A process cartridge detachably mountable to a main assembly of an
electrophotographic image forming apparatus includes an
electrophotographic photosensitive drum; charging means for electrically
charging the drum; developing means for developing a latent image formed
on the drum; a grounding contact for electrically grounding the drum to
the main assembly; a developing bias contact for receiving, from the main
assembly, a developing bias to be applied to the developing means; a
charging bias contact for receiving, from the main assembly, a charging
bias to be applied to the charging means; and a cartridge coupling member
for receiving, from the main assembly, driving force for rotating the
drum, the cartridge coupling member being engaged with a main assembly
coupling member of the apparatus when the main assembly coupling member is
rotated after the process cartridge is mounted. The cartridge coupling
member is substantially coaxial with the drum adjacent one longitudinal
end of the drum. The grounding, developing bias and charging bias contacts
are disposed adjacent a longitudinal end of the drum opposite from the
cartridge coupling member. The developing bias and charging bias contacts
are each disposed on a side of the process cartridge that extends in a
longitudinal direction, to one and the other side of the drum. The
grounding contact is substantially coaxial with the drum.
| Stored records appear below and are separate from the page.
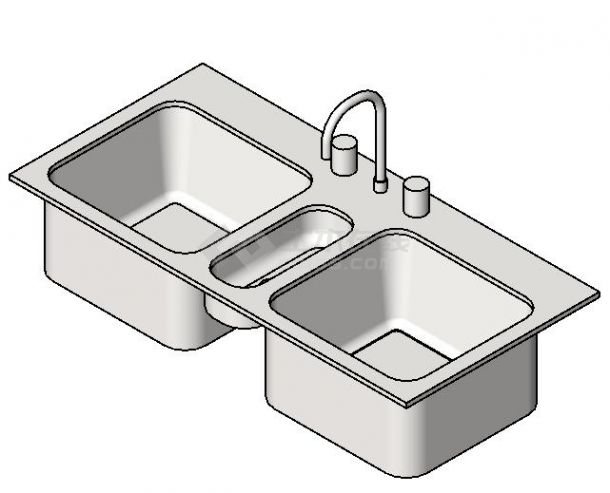  卫浴-常规卫浴-污水槽-厨房水槽-三槽-3D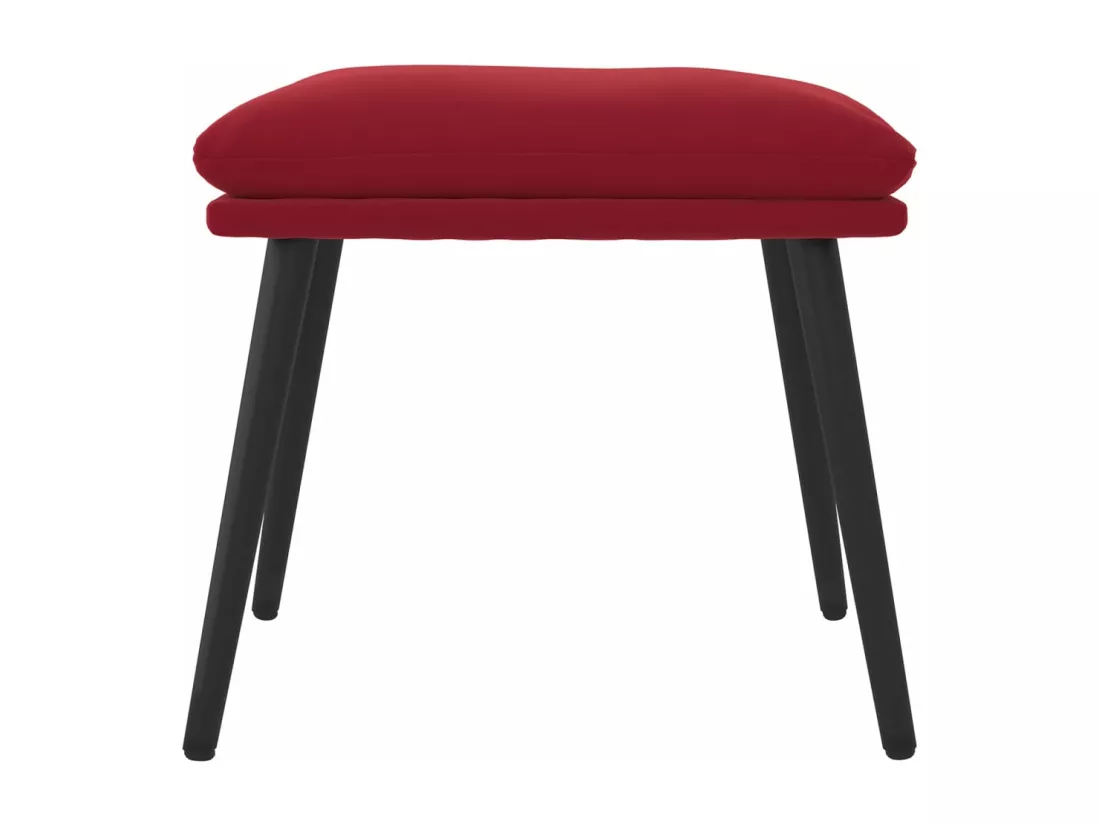 Repose-pied Rouge bordeaux 45x29,5x35 cm Velours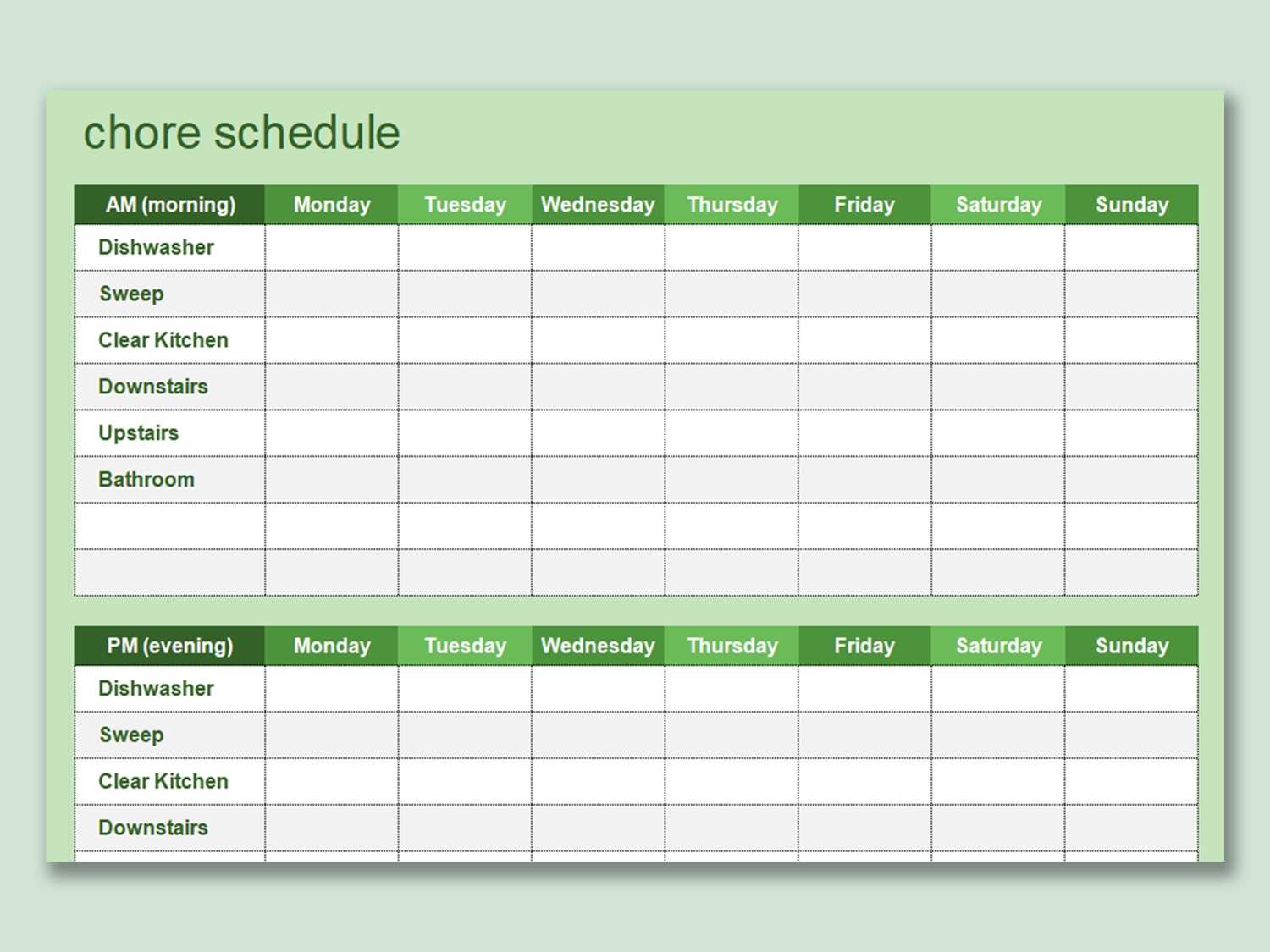 Printable Blank Excel Chore Chart
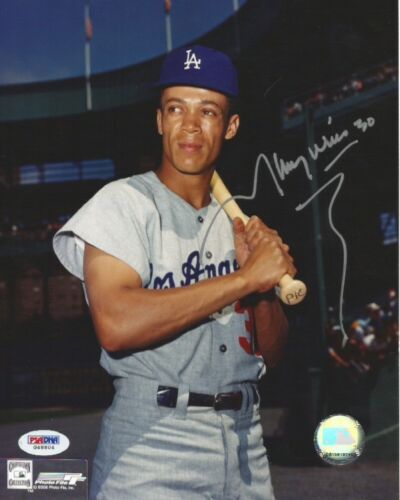 Maury Wills LOS ANGELES DODGERS MLB Signed 8x10 Photo PSA/DNA COA - Picture 1 of 1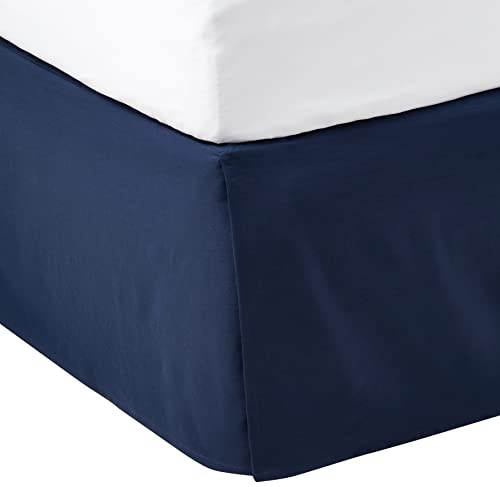 Image of Amazon Basics Lightweight Pleated Dust Ruffle Bed Skirt, Fade Resistant, Wrinkle Resistant, Twin, Navy Blue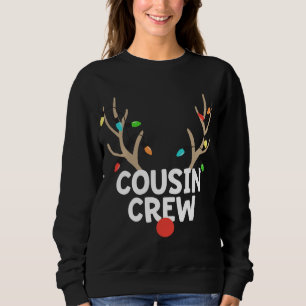 Moletom Cousin Crew Christmas Pajama Reindeer Lights Matam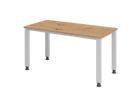 Hammerbacher Schreibtisch 4 Fuß-rund140 x 67 cm Asteiche Silber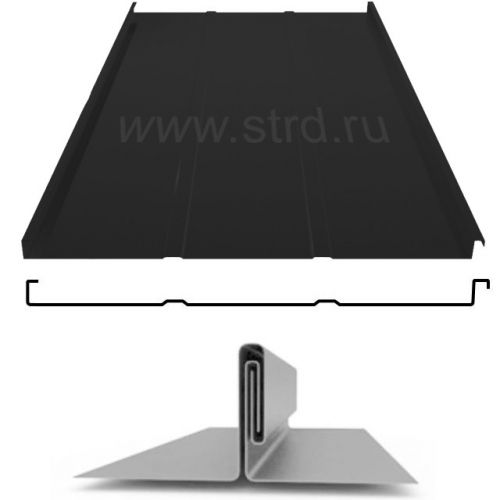 Фальцевая панель Grand Line фальц двойной стоячий Line 625/550мм Satin matt 0.5мм RR 32 (коричневый)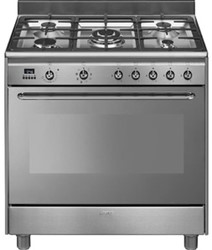 Smeg Fornuis 90 x 60 x 90 - 5 branders gas - oven multifunctie - energieklasse A - inox
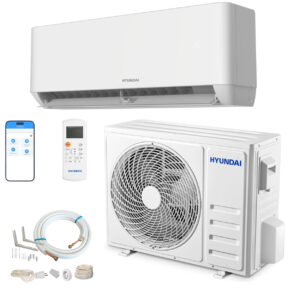 Aer conditionat Hyundai, 12000 BTU, Clasa A++/A+, Inverter, Wi-Fi si Kit premium de instalare, 3m, traseu bercluit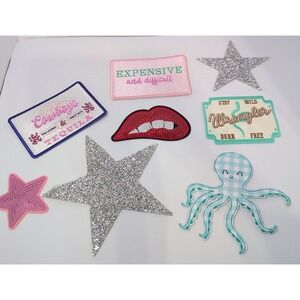 Unbranded Patch Lot Unisex OS Multicolor NEW Western Sequin Glitter Octopus 8pc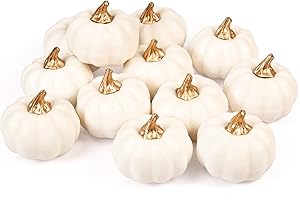 Whaline Vintage White Artificial Pumpkins Harvest Decoration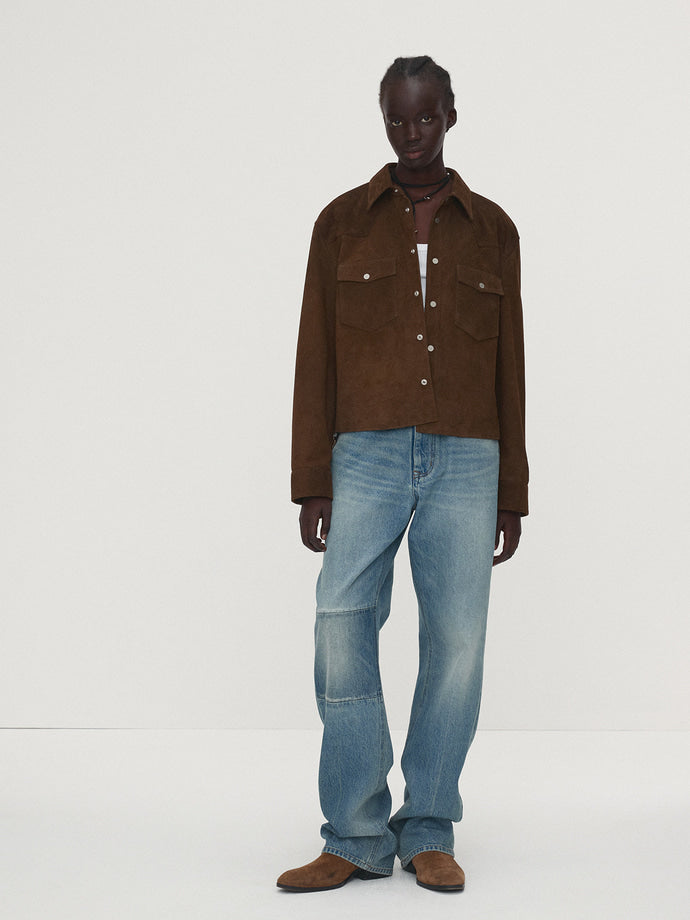 Tonywack - Straight-Leg Knee Panel Denim Jeans (Washed Vintage Light Blue) product image 1 | TRAB K-Fashion Australia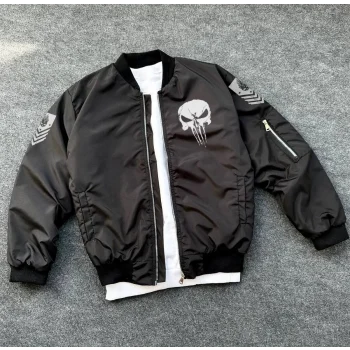 Luz&Pos Siyah Askeri Tarz Bomber Mont – Unisex, Punisher Skull Detaylı, Fermuarlı, Cepli, Uzun Kollu, Bahar Ve Kış Günlük Moda İçin Uygun - Siyah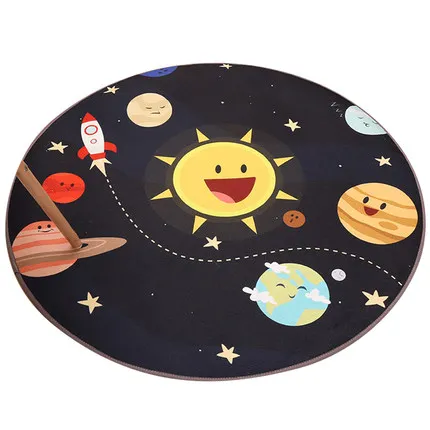 Мультяшный круглый ковер милый Гостиная Спальня Мягкий детский стул ползающий коврик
Een procespatroon detachably monteerbaar aan een hoofdassemblage van een elektrofotografisch beeld dat apparaten vormt omvat een elektrofotografische fotogevoelige trommel; het laden middelen om de trommel elektrisch te laden; ontwikkelt middelen om een latent beeld te ontwikkelen dat op de trommel wordt gevormd; een aan de grond zettend contact voor elektrisch het aan de grond zetten van de trommel aan de belangrijkste assemblage; een ontwikkelend bias contact voor het ontvangen van, van de belangrijkste assemblage, ontwikkelende bias dat op de ontwikkelende middelen moet worden toegepast; een het laden bias contact voor het ontvangen van, van de belangrijkste assemblage, het laden bias om op de het laden middelen zijn van toepassing geweest; en een lid van de patroonkoppeling voor het ontvangen van, van de belangrijkste assemblage, stuwende kracht voor het roteren van de trommel, het lid dat van de patroonkoppeling met een hoofdlid van de assemblagekoppeling van de apparaten in dienst wordt genomen wanneer het belangrijkste lid van de assemblagekoppeling na de procespatroon wordt geroteerd wordt opgezet. Het lid van de patroonkoppeling is wezenlijk coaxiaal met de trommel adjacent één longitudinaal eind van de trommel. De aan de grond zetten, zich en het laden bias contacten die worden bias geschikt adjacent een longitudinaal eind van de trommel tegenovergesteld van het lid van de patroonkoppeling ontwikkelen. De ontwikkelende bias en het laden bias contacten elk worden geschikt aan een kant van de procespatroon die zich in een longitudinale richting, tot één en de andere kant van de trommel uitbreidt. Het aan de grond zettende contact is wezenlijk coaxiaal met de trommel.